▽ ずっと一緒、それは誰が決めた?
『マダム、痛み止めをちょうだい』
「…またですか?」
『ええ。最近、痛み止めがなくなるのが早くて。きっと使い過ぎね。』
クスクスと私が笑うとマダムはやっぱり泣きそうな目で私を見てきた。
*-*-*-*-*-*-*-*-*-*-*
『トム!』
「アリシア、?」
『トム、私ね、トムと一緒にいられてすごく幸せ。』
「急にどうしたの?」
『ただ言いたくなっただけ。』
ふわり、アリシアは笑う。
その笑顔にリドルはだんだんと自分の気持ちが温かく、軽くなってきているのを感じていた。
「アリシア、おいで。」
『?』
ギュッとアリシアを抱き締める。
それは優しく包みこむように。
最初は利用するだけのはずだったアリシアがこんなに大事な存在になるなんて思ってもみなかった。
今じゃ彼女がいない生活の方が考えられない
『そういえばね、トム。私、さっきの授業で褒められたのよ。』
「そう。さすがアリシアだね。」
『ふふ、だって私はトムのモノだもん!』
そう言うアリシアの頭を撫でるとアリシアは最初はポカンと、徐々に顔が赤くなってくる。

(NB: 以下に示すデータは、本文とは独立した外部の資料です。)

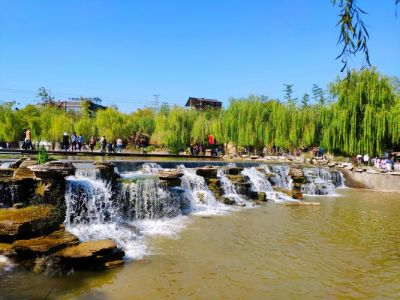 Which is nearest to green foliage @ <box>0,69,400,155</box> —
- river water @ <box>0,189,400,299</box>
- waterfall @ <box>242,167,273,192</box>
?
waterfall @ <box>242,167,273,192</box>

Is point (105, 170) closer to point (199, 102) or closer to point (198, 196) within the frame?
point (198, 196)

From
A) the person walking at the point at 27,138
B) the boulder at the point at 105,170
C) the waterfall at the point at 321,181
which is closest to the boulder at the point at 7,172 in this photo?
the boulder at the point at 105,170

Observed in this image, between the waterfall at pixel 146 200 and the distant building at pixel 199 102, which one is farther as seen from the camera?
the distant building at pixel 199 102

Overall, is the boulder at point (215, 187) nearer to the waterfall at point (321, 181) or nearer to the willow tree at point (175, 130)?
the waterfall at point (321, 181)

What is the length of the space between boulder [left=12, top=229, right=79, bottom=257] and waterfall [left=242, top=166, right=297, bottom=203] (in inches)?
453

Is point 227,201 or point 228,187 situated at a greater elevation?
point 228,187

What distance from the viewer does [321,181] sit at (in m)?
22.8

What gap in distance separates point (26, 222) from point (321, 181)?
58.7 ft

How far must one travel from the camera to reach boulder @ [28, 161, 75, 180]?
1051 cm

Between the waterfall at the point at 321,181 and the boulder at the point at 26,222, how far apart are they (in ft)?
47.6

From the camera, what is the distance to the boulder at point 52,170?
1051 cm

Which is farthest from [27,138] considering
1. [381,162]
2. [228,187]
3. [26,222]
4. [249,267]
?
[381,162]

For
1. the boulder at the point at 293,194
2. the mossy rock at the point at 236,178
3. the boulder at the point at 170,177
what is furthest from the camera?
the boulder at the point at 293,194

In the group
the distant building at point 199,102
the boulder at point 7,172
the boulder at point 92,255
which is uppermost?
the distant building at point 199,102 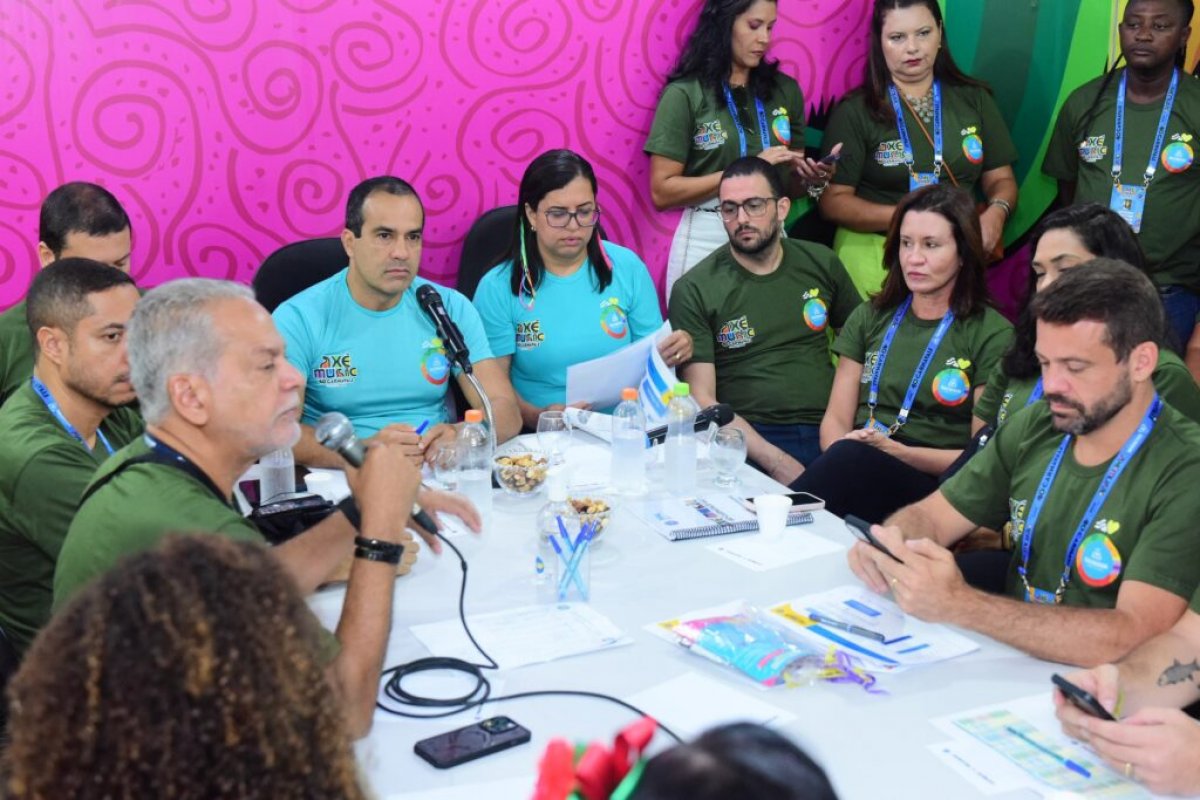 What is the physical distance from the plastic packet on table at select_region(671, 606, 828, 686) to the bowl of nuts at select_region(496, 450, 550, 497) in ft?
2.51

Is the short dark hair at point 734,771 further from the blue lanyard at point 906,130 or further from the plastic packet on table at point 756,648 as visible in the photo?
the blue lanyard at point 906,130

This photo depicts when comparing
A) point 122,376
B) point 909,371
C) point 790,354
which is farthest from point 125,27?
point 909,371

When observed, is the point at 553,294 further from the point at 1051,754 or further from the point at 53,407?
the point at 1051,754

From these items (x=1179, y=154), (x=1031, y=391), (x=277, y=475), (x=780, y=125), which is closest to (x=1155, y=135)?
(x=1179, y=154)

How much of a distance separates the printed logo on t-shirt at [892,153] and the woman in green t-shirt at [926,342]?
37.8 inches

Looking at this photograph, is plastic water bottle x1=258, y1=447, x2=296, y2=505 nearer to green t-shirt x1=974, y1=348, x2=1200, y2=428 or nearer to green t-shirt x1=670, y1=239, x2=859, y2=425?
green t-shirt x1=670, y1=239, x2=859, y2=425

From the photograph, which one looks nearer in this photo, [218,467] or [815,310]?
[218,467]

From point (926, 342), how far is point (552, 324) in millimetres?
1152

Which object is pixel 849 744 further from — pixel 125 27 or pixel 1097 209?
pixel 125 27

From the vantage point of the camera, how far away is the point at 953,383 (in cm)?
362

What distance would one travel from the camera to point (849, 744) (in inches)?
69.5

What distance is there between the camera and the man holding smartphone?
6.91 ft

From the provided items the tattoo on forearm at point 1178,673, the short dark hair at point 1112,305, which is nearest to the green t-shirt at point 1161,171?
the short dark hair at point 1112,305

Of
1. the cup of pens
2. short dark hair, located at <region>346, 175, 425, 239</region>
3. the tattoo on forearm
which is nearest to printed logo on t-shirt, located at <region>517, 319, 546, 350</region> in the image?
short dark hair, located at <region>346, 175, 425, 239</region> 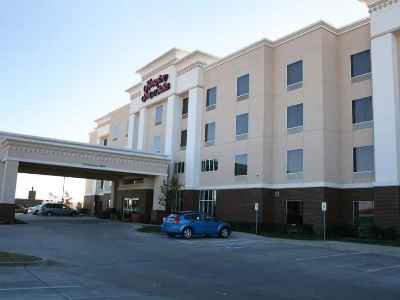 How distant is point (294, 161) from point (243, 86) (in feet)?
Answer: 26.3

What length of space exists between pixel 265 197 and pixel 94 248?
639 inches

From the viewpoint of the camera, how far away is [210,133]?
3838cm

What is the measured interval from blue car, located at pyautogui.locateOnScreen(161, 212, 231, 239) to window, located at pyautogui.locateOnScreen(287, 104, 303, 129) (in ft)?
32.6

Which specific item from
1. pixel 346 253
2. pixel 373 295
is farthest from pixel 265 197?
pixel 373 295

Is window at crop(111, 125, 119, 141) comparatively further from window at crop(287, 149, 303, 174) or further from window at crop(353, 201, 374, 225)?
window at crop(353, 201, 374, 225)

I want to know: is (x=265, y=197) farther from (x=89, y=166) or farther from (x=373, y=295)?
(x=373, y=295)

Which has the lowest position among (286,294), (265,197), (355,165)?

誰が彼女をおとなしいなんて言ったんだろう。彼女はこんなにも明るいのに。
「アリシア、僕から離れるなよ。アリシアは僕のものなんだから。」
『…うん。私は、トムのものだよ。』
そう言うアリシアにすごく安心する。
だって彼女は僕のものだから一生離れることはない。ずっとずっとこの言葉で縛りつけてやりたい。
僕はアリシアがずっと一緒とは言わなかったに気がつかなかった。
『っ、』
「どうかした?」
軋む。私の身体中に痛みが走った。
あぁ、せっかくトムといるのに。
私の身体はポンコツなんだから。
『う、ううん。なんでもない。あ、私、ちょっとマダム ポンフリーに用事があったから、』
「体調でも悪い?」
『違うわ。ただ、いろいろ聞きたいことがあっただけよ。すぐに戻ってくるから!』
心配かけたくなかった。
苦しまないでほしかった。
トムがすきだから。愛してるから。
だから、私は今日も微笑みを絶やさない。